Sermon: Everyone Was Born Again in Jesus’ Resurrection

Everyone Was Born Again In Jesus’ Resurrection by Tim Brassell

This message proclaims with the Apostle Peter and St. Athanasius of Alexandria God’s Good News that “all people were clothed with incorruption in the promise of the resurrection. For the solidarity of humanity is such that, by virtue of the Word’s indwelling in a single human body, the corruption which goes with death has lost its power over all.”

9 comments so far

  1. Steve Sell on

    Wow I really loved the sermon Tim!! Awesome job!

  2. Len Joson on

    Thanks Pastor Tim! I was so inspired by your sermon.

  3. tjbrassell on

    Thank Steve and Len! You are both of encouragement to me too! Glad to participate in the shared encouragement of the Triune God of Grace along with you!
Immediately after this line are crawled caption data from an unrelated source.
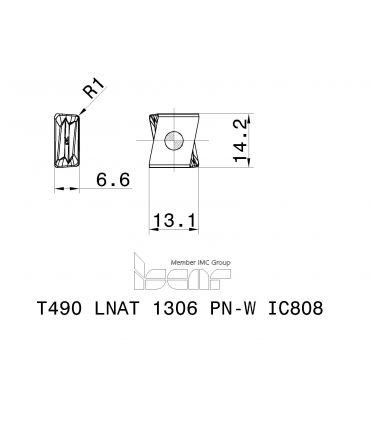 T490 LNAT 1306 PN-W IC808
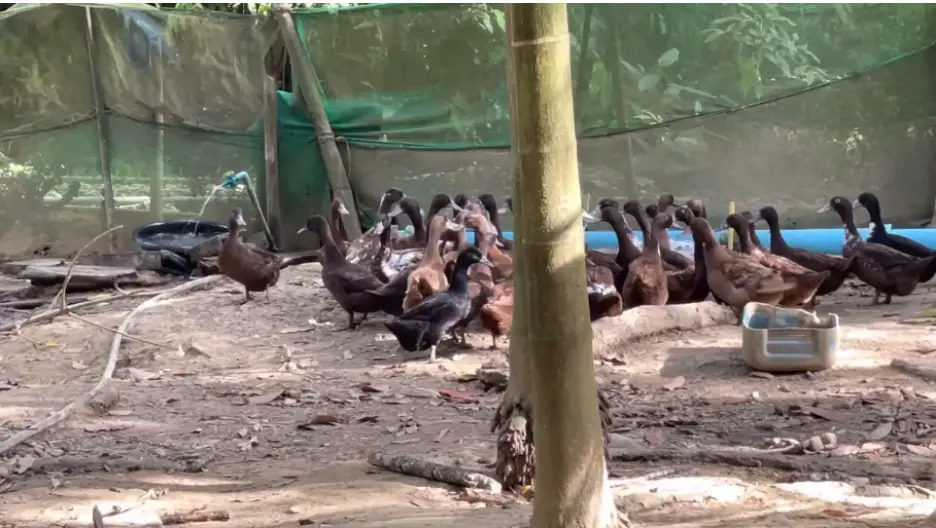 ก.พาณิชย์ สั่งติดตามราคาสินค้า 6 ชนิดหลังพบมีราคาผิดปกติ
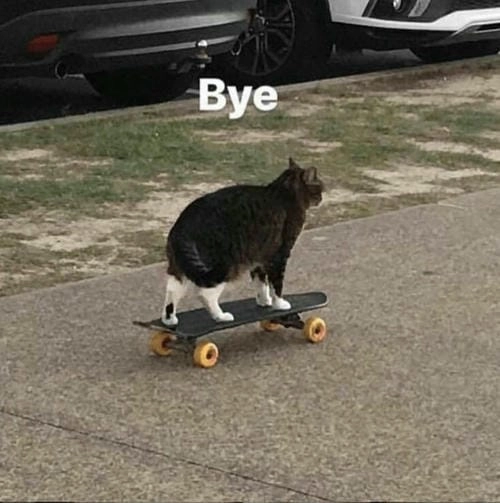 ảnh meme tạm biệt buồn bã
    Peace, Love and Blessings!

  4. Good Sermon « christians2 on

    […] I recommend this sermon from Pastor Tim Brassell. You can listen to it from this link: Once you’re on the page, just click “Everyone Was Born Again In Jesus’ Resurrection by Tim […]

  5. Rob on

    What about the parable of the sower, where Jesus says that there are those who won’t make the cut?

    • tjbrassell on

      Hello Rob!

      In the Light of Who Jesus is there are a few things to consider with regard to your question about the parable of the Sower:

      1.) Because of Who God is as a relational Being and who we are in Him as relational beings also, all interpretations of the Gospel must be held up in that relational way.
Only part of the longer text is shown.